[WHAT YOU SHOULD DO]
In which lines of the data does the string "Maison" appear? Copy every one.

[Web page caption snippets]
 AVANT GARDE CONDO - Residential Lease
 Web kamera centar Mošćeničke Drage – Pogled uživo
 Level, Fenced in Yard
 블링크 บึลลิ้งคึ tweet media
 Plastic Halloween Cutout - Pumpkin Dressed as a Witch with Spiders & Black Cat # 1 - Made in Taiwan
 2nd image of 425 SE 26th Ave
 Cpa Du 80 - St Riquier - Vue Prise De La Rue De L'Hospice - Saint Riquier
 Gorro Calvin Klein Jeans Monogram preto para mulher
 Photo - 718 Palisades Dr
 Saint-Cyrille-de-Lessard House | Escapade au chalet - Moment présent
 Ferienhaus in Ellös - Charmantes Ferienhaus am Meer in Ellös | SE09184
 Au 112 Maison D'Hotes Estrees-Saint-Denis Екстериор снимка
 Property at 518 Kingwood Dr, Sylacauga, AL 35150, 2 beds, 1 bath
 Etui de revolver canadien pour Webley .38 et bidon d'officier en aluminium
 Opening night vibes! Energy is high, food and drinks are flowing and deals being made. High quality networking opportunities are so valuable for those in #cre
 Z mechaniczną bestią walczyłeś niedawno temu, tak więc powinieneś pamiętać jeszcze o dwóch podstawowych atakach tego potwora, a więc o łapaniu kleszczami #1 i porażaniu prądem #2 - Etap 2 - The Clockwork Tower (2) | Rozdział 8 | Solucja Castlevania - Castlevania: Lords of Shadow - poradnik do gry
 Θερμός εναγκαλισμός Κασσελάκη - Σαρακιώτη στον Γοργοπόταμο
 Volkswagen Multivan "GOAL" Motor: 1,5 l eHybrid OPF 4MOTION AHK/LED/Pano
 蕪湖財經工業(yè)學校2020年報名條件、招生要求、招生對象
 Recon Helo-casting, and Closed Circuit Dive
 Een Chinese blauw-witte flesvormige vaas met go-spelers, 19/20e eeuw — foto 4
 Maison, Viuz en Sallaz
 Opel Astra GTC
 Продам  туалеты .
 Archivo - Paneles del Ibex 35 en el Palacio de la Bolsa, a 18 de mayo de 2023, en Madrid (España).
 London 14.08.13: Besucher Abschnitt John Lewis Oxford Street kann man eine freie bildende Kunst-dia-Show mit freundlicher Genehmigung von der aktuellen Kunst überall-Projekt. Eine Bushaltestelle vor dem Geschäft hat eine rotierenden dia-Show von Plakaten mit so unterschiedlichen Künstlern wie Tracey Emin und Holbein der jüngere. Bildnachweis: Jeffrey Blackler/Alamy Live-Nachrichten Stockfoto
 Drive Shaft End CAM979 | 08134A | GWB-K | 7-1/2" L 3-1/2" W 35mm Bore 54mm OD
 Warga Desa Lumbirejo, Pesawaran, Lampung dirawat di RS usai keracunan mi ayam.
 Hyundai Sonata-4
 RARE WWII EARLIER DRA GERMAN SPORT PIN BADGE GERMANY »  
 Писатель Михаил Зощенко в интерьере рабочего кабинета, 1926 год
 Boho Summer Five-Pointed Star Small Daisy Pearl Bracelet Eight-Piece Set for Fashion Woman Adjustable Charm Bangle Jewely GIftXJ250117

[RESULT BELOW]
 Au 112 Maison D'Hotes Estrees-Saint-Denis Екстериор снимка
 Maison, Viuz en Sallaz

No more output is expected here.